Kansas Geological Survey, state agency to measure groundwater levels in western Kansas
LAWRENCE — A crew from the Kansas Geological Survey, based at the University of Kansas, along with staff from three field offices of the Kansas Department of Agriculture's Division of Water Resources will be in western Kansas measuring groundwater levels the first week of January.
Levels are measured annually as part of a joint project to monitor the health of the state's valuable groundwater resources.
Weather permitting, the KGS crew will be working near Colby on Jan. 2, Goodland on Jan. 3, Ulysses on Jan. 4, Liberal on Jan. 5 and Dodge City on Jan. 6. DWR staff will measure wells in other parts of the region.
Brownie Wilson, KGS water-data manager, expects this winter’s measurements to show a general decline in the water table, though not as steep as last year’s results.
“In several locations, 2022 was one of the driest years on record in Kansas, and those prevalent drought conditions carried over into the spring of 2023,” Wilson said. “Fortunately, much of western Kansas saw gentle and widespread rains throughout the early summer months. This allowed a lot of producers to shut down their wells and reduce the pumping stress on the aquifer, especially in the Ogallala region of the High Plains Aquifer in Kansas.”

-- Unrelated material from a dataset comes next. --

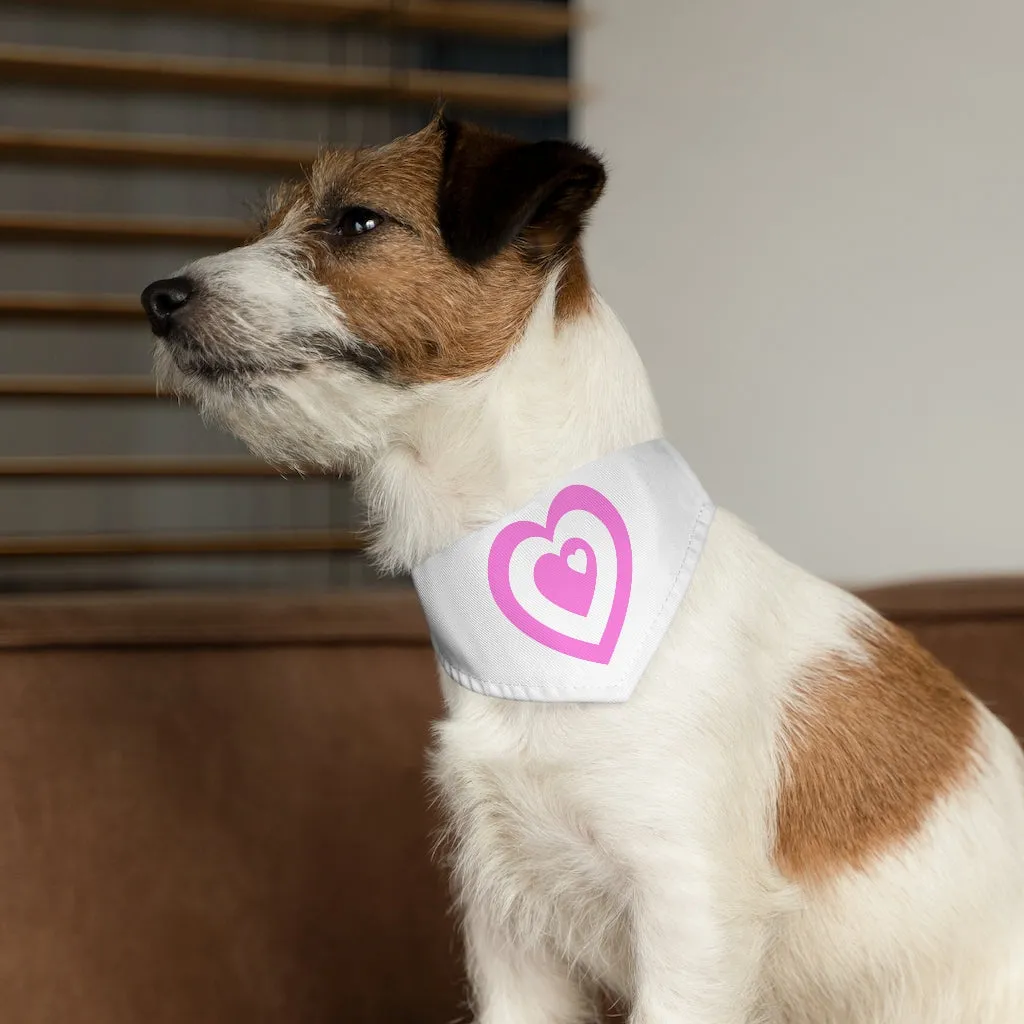 Pink Love Heart Pet Bandana Collar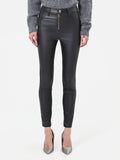 Leggings neri in similpelle con zip frontale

The High Plains Aquifer underlies portions of eight states. In Kansas, it encompasses three individual aquifers — the Ogallala Aquifer in the western third of the state, the Equus Beds around Wichita and Hutchinson, and the Great Bend Prairie Aquifer around Pratt and Great Bend.
South-central Kansas may prove an exception to the expected measurement trends.
“They missed out on much of those rainfall events, and unfortunately the drought conditions have been hanging on throughout the summer and fall,” Wilson said.
Most of the wells measured by KGS and DWR tap into the High Plains Aquifer, a massive network of underground water-bearing rocks and the main source of water in western Kansas. The rest draw from deeper aquifers or shallower alluvial aquifers along creeks and rivers.
Groundwater levels in much of the state's portion of the Ogallala Aquifer, especially in southwest Kansas, have been on the decline since water use started to rise in the mid-20th century. Dry years lead to increased water usage, primarily for irrigation, which in turn typically causes greater declines in water levels.
The KGS and DWR measure depth to water in more than 1,400 wells in 48 counties, primarily in January to avoid as much as possible skewed data associated with short-term declines caused by widespread pumping during the growing season. This year, KGS will measure 577 wells, and crews from the DWR's field offices in Garden City, Stafford and Stockton will measure 835.
Wells are accessed with landowners' permission, and many have been monitored for years, although new wells are added as older wells become inaccessible or to fill in spatial gaps in the monitoring network. The majority are within the boundaries of the state's five groundwater management districts (GMDs), which are organized and governed by area landowners and water users to address local water-resource issues.
Historical annual measurements for each well are available on the KGS website. Results of measurements made in January will be added in late February.